Knowles, a Worcester native, has played the violin ever since, going on to attend Berklee School of Music before moving to Dorchester to teach in the Boston area.
About a year ago, Knowles was selected to represent Dorchester as a “local luminary” in the Isabella Stewart Gardner Museum’s Neighborhood Salons, a series meant to highlight local talent who use their work to engage with the community. Knowles calls his collaboration with the museum one of the best artistic experiences of his life.
“It’s been so amazing for me,” says Knowles. “They genuinely treat you as an artist and give you creative space and opportunities to experiment with your work. It’s really refreshing.”
One of Knowles’ favorite spaces at the Gardner is the courtyard garden, where he often sets up with his violin and an array of looping and delay pedals to craft spacey, ethereal soundscapes.
“They are completely trusting in our creative input and output. And that’s really rare.”
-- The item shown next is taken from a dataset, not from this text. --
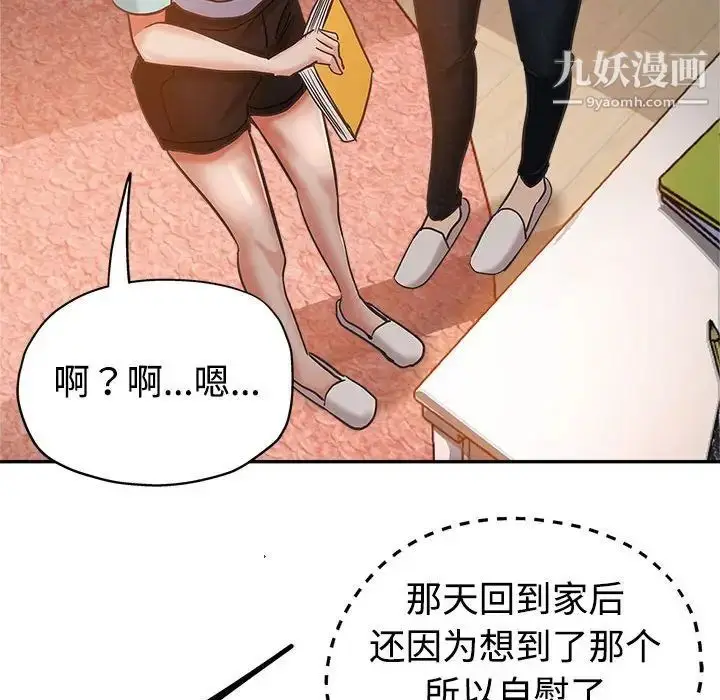 漫画《继母的姐妹们》第4话第94张图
When Josh isn’t performing at the museum, he’s teaching music. In addition to offering private lessons, Knowles teaches violin, guitar, voice, and piano at the Boston School of Music Arts in Dorchester. He is also an Artist and Composer-in-residence for Revolution of Hope, an orchestral program for inner-city youth based in Roxbury.
“I’ve been teaching there, writing music and arranging songs for them for four or five years now,” says Knowles. “It’s the best.”
Revolution of Hope is an after-school program founded by David France that provides string instruments and instruction to kids who otherwise wouldn’t have access to such things, whether due to familial financial constraints or limited school budgets. The program is based in the belief that music can have transformative effects on children’s cognitive and behavioral development. Knowles says after witnessing such transformations himself, he bought into France’s vision.
“His whole outlook on teaching violin is very rigorous— he wants conservatory level style of training,” says Knowles. “It’s great witnessing the trajectory of different students. A lot of kids flourish in the really structured program, and it’s so cool to see.”
Outside of teaching, Josh is busy on the weekends too, playing gigs with his indie-rock band Nemes and Stringalong, a string duo in which he and cellist Aaron Fried spin contemporary interpretations of pop songs. However, Knowles collaboration with the Gardner museum as a luminary is set to continue for the foreseeable future. In an upcoming exhibit slated for early next year, Josh says he will improvise musically along with a series of morphing digital tapestries to form a kind of multimedia work of art. It’s these kind of innovative formats that Knowles says allow him to grow as an artist and create a meaningful end product.
“I’m just trying to send as effective healing vibes with my music as I can,” he says. “It has to be healing. In this climate especially, as an artist, you’ve got to infuse some sort of positivity. And the Gardner gives such a great platform to do it.”